Instructions to follow
Return exactly the lines of the data below, from the one that contains "UBND tỉnh: Cho" through the final line, and leave out every picture.

(Stored dataset items)
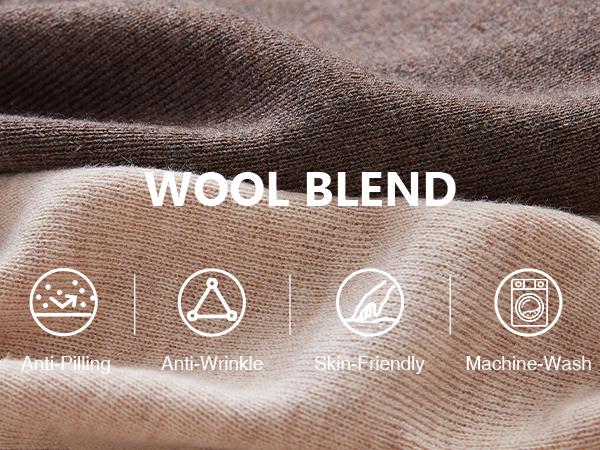 Arach&Cloz Womens Wool Blended Cropped Cardigan Sweater 2026 Short Sleeve Shrug Business Casual Outfits Lightweight Top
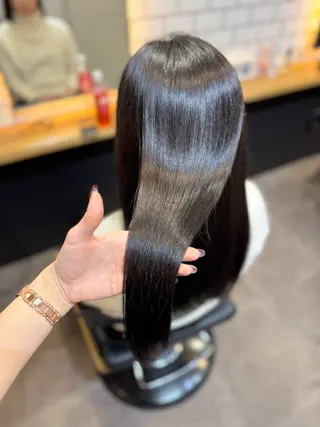 ミディアム 吉祥寺プルエクステ 🌟Hiraiのヘアスタイル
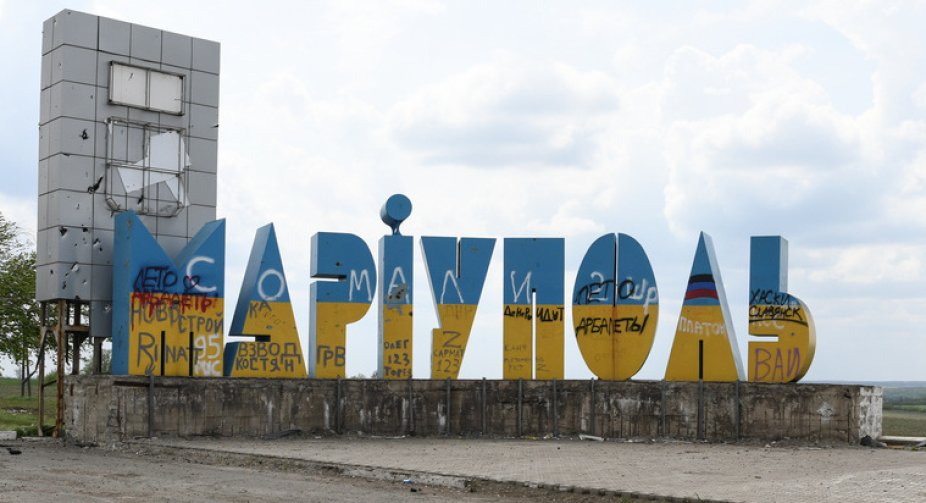 В Маріуполі почалась епідемія холери, місто зачиняють на карантин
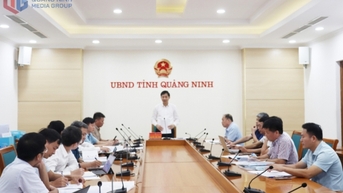 UBND tỉnh: Cho ý kiến về dự thảo đề án nâng cao an toàn hệ thống đê điều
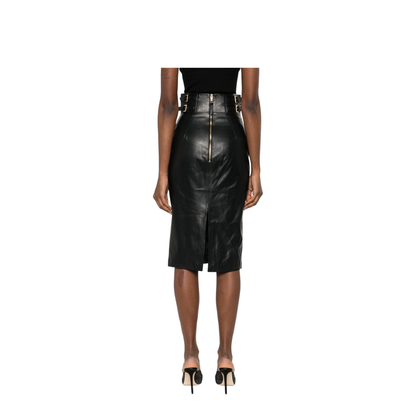 MAYFEYR - Elisabetta Franchi - Skirts Black - GP09Z61E2110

Finished exercise
 UBND tỉnh: Cho ý kiến về dự thảo đề án nâng cao an toàn hệ thống đê điều
 MAYFEYR - Elisabetta Franchi - Skirts Black - GP09Z61E2110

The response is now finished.